Job Config Files
MDI pipeline executions are controlled by a job configuration file, i.e., a ‘data.yml’ file. This versatile YAML-format script makes it easy to construct complex work sequences, including parallel array jobs and serial actions.
Other advantages of job configuration files are that you have better control over many options and a ready means of tracking your work, including by examining associated job output logs.
YAML format
Job config files are valid YAML files, although the interpreter we use to read them only processes a subset of YAML features. Learn more about YAML on the internet, or just proceed, it is intuitive and easy.
Config file templates
To get a template to help you quickly write a new job configuration:
mdi <pipelineName> template --help
mdi <pipelineName> template
Config file syntax
In general, the job config syntax is:
# data.yml
---
pipeline: [suiteName/]pipelineName[:suiteVersion]
variables:
VAR_NAME: value
shared:
optionFamily_1:
option_1: 99 # a single keyed option value
pipelineAction:
optionFamily_1:
option_1: ${VAR_NAME} # a value from a variable
anotherAction:
optionFamily_2:
option_2:
- valueA # an array of option values, executed in parallel
- valueB
execute:
- pipelineAction # pipelineAction overrides shared option_1
- anotherAction # anotherAction has access to option_1 and option_2
Pipeline target declaration
The ‘suiteName’ and ‘version’ components of the pipeline declaration are optional, however, including suiteName can improve clarity and ensure that you are always using the tool you intend. If provided, the version designation should be either:
- a suite release tag of the form ‘v0.0.0’

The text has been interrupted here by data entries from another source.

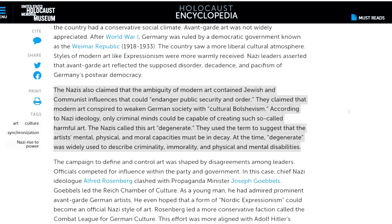From the Holocaust Memorial Museum: the Nazis claimed the ambiguity of modern art contained Jewish and communist influences that could endanger public security and order. In case you're new to the study of propaganda, 'public security and order' refers to the uninterrupted order imposed by the state. Notice the usual fascist claim: the whole society is under attack from these dangerous influences — no specific harm, just a vague influence that might somehow affect the culture negatively. They claimed modern art conspired to weaken German society with 'cultural Bolshevism,' or today 'cultural Marxism,' another term fascists are still using. According to Nazi ideology, only criminal minds could be capable of creating such harmful art. The Nazis called this art degenerate, using the term to suggest that the artists' mental, physical, and moral capacities must be in decay.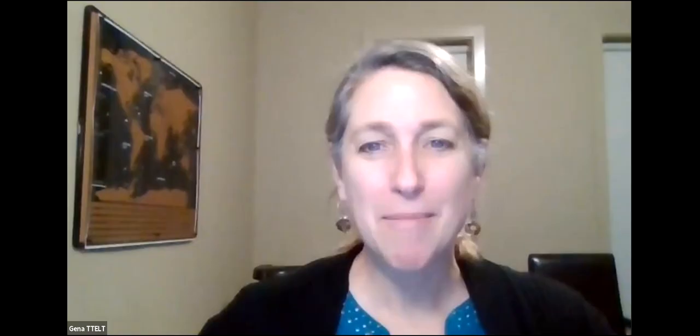This week, Matthew was talking to us about classroom management tips, especially for STEM courses. Matthew, why don't you tell us a little bit about yourself?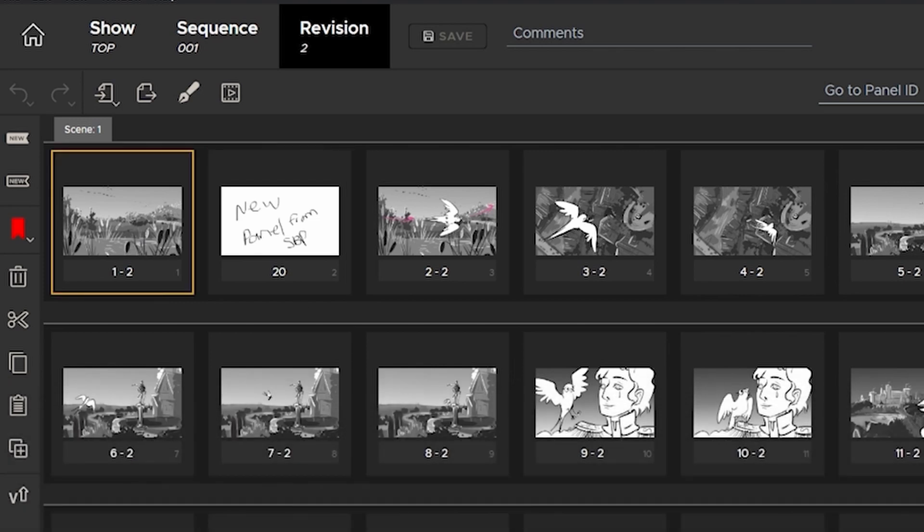In previous releases, this panel would have a new panel ID, but now with Flix 6.5's relinking system, it forces it to version up. It only does this on the first import from Storyboard Pro.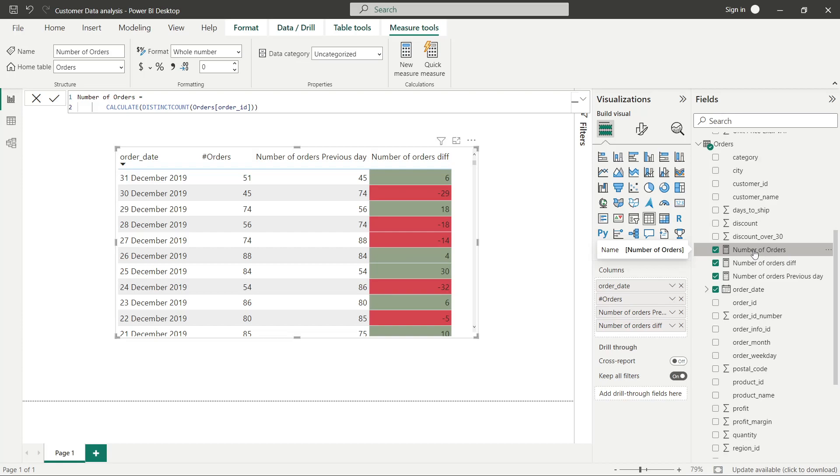Those who are not aware of the CALCULATE function can watch our other two videos about filters that can be applied in CALCULATE. In those videos you will get the understanding of this function.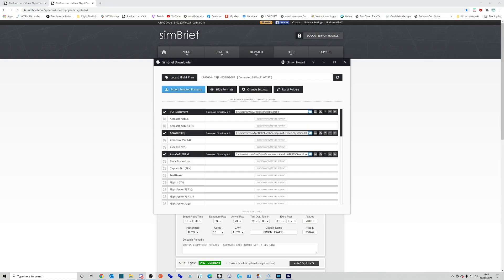Hey everyone, welcome back to the channel. Today's a really quick video which will show you how to import your SimBrief flight plan into the Aerosoft CRJ for Microsoft Flight Simulator.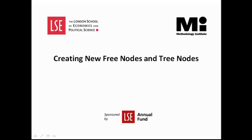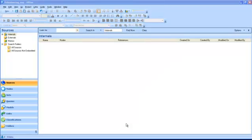Welcome to the Methodology Institute's NVivo video tutorial series sponsored by the LSE Annual Fund. In this tutorial I will show you how to create new free nodes and new tree nodes. Nodes in NVivo are the codes that you use to analyze your data. They are located in the nodes folder.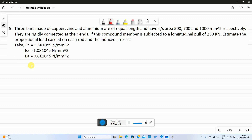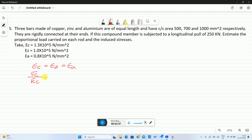First assumption: strain in all three materials is the same. So epsilon C equals epsilon Z equals epsilon aluminium. There are three materials: copper, zinc, and aluminium.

- ‘latest’, to use the most recent release tag [the default]
- ‘pre-release’, to use the development code at the tip of the main branch
- for developers, the name of a code branch in the git repository
Config file variables
The ‘variables’ section allows you to assign values to variables that can be recalled further down in standard shell syntax. The reason to use variables is to prevent typing the same thing over and over!
Option sharing between actions
Another means of streamlining config files exploits the fact that different actions in a pipeline often use the same options. By specifying them in the ‘shared’ section, you only have to enter them once. Any values listed under an action key will take precedence.
Environment config files
As a further convenience, when you get tired of having many files with the same option values (e.g., a shared directory) you may also create a file called ‘pipeline.yml’ or ‘<pipelineName>.yml’ in the same directory as ‘<data>.yml’.
Options will be read from ‘pipeline.yml’ first, then ‘<data>.yml’, then finally from any values you specify on the command line, with the last value that is read taking precedence, i.e., options specified on the command line have the highest precedence.
Option recycling - parallel array jobs
A key feature of option values in job files is that they “recycle” as in vectorized programming. If all options have a single value, a single job will result. However, if one or more options have multiple assigned values, all single-value options are reused along with each of the list option values.
Thus, the following example:
actionName:
optionFamily:
option_1: AAA
option_2: 1 2 # whitespace-separated values are interpreted as lists ...
option_3:
- 3 # ... as is the standard YAML list syntax
- 4
would result in an array job with two tasks, as follows:
Array Task # | option_1 | option_2 | option_3 |
---|---|---|---|
1 | AAA | 1 | 3 |
2 | AAA | 2 | 4 |
Importantly, if one option has multiple values, every other option must either have the same number of values or a single value. You will get an error message if you have option lists of different lengths.
Options repeated in log files
When you examine job log files with ‘mdi report’ you will find that all job options are repeated back to you in YAML format, for an unambiguous, permanent record of what was done. You can turn this feature off with option ‘–quiet’.
Multi-pipeline job files
When you are ready to increase the complexity of your job sequences still further, config files support the use of YAML blocks to make sequential calls to multiple pipelines in the same data.yml file.
# data.yml
---
variables: # declarations here are available to both pipelines below
shared:
--- # '---' is the text sequence that starts a new YAML block
pipeline: pipeline_1
actionX:
execute:
- actionX
---
pipeline: pipeline_2
actionY:
execute:
- actionY
The net effect is like executing the same mdi subcommand on two different data.yml files, except that now the declarations in ‘variables’ and ‘shared’ are available to both pipelines.
Using this approach, you can can perform initial processing tasks with a first pipeline and continue with further processing with a second (or third…) pipeline, all with the convenience of shared variables and mdi commands.